The daughter of Ruth Boone Wright of Spindale and the late J. C. Wright, Wright-Kernodle graduated from Rutherfordton Spindale High School in 1964.

In her 21 year with the Humanities Council, Wright-Kernodle  serves as the Associate Executive Director. She has directed the Teachers Institute since 1996. Teachers Institute seminars provide access to continued intellectual growth for educators from across the state. Connecting classroom teachers and university scholars, these interdisciplinary seminars for K-12 educators create the rigorous, stimulating environment found in the best graduate education.

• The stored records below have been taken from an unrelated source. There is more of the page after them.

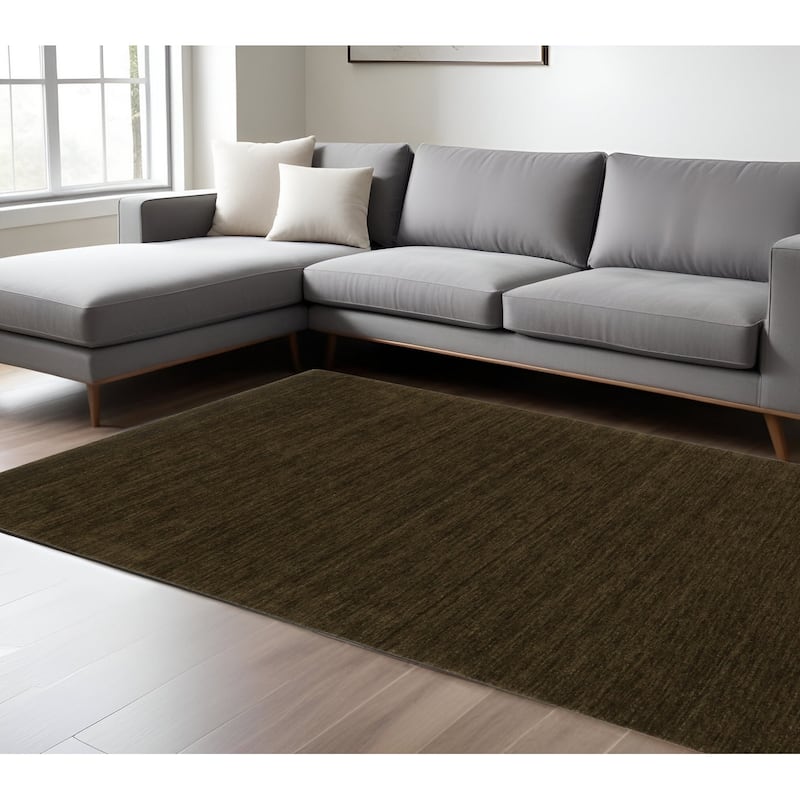 HomeRoots Solid Color Casual Rectangle Area Rug - 155.91 in. x 119.69 in. x 0.59 in.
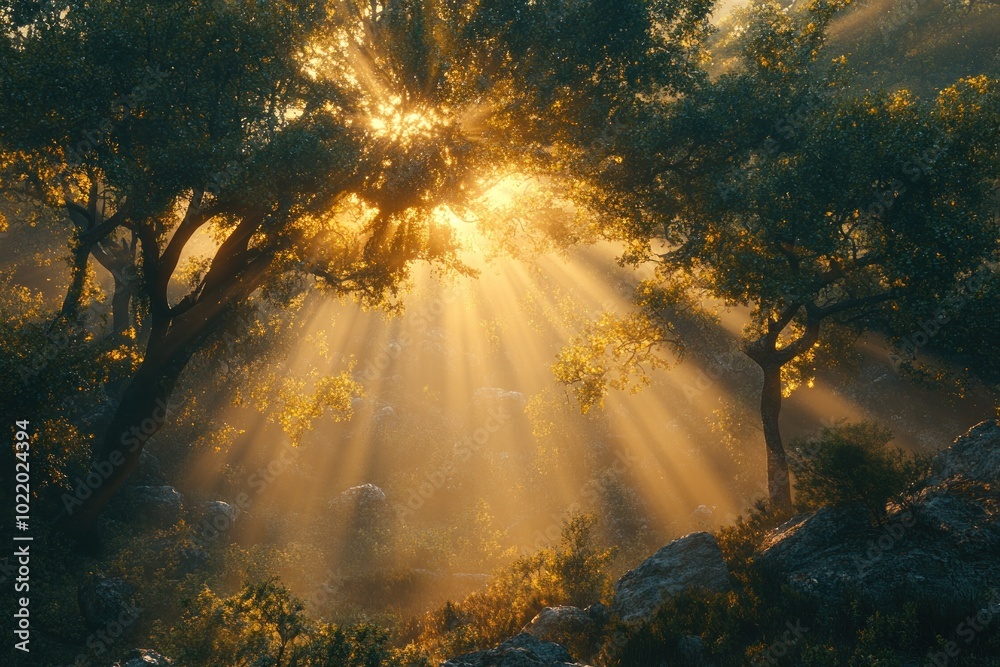 Golden rays of sunlight stream through the branches of trees in a forest, illuminating the misty air and creating a magical atmosphere. Golden rays of sunlight stream through the branches of trees in a forest, illuminating the misty air and creating a magical atmosphere.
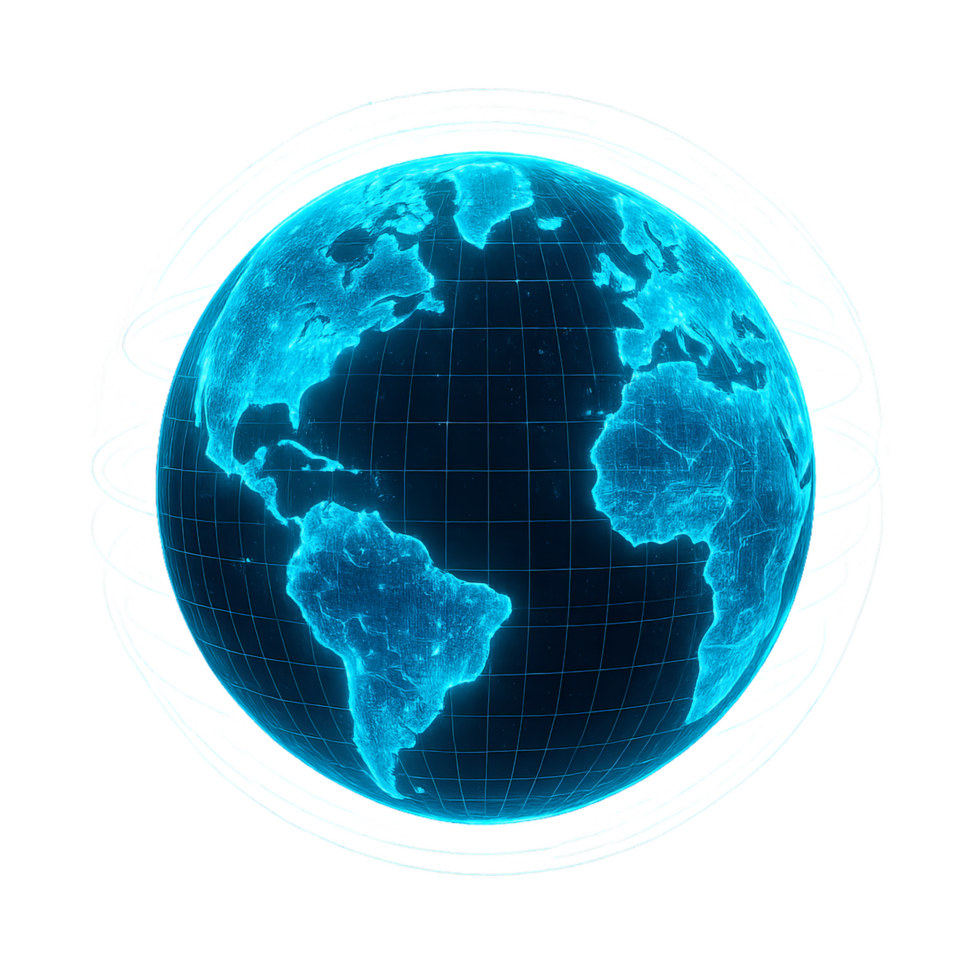 Futuristic 3D Earth Representation with Glowing Grids and Lines png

Wright-Kernodle earned her doctorate in Curriculum and Instruction from UNC Greensboro in 1990, specializing in English education with a focus on writing, thought, and language. She received her undergraduate degree from Greensboro College and a Master’s degree from Duke University. Her experience includes work as a legislative researcher in Washington, DC, twelve years as a classroom teacher of English and journalism in the state’s public schools, and twenty-five years of teaching as an adjunct professor in UNC Greensboro’s School of Education. An active participant in the broader humanities community, Wright-Kernodle has made numerous presentations at the annual conferences of the Federation of State Humanities Councils; delivered the keynote address at a teachers’ conference in Jackson, MS, sponsored by the Mississippi Humanities Council and the Oral History Program at the University of Southern Mississippi; and served as a presenter at the Association of American Colleges and Universities “Bridging Cultures” conference in Vermont for community colleges. She joined with the Minnesota Humanities Commission and other state humanities councils to provide American Indian studies seminars for K-12 teachers and to develop curriculum enrichment materials.

In announcing this award, Anne Tubaugh, the Humanities Council’s Associate Executive Director for Advancement, stated that the scholarship was established “in appreciation of the dedication and commitment Lynn has given to the Teachers Institute program to make it the success it is today.”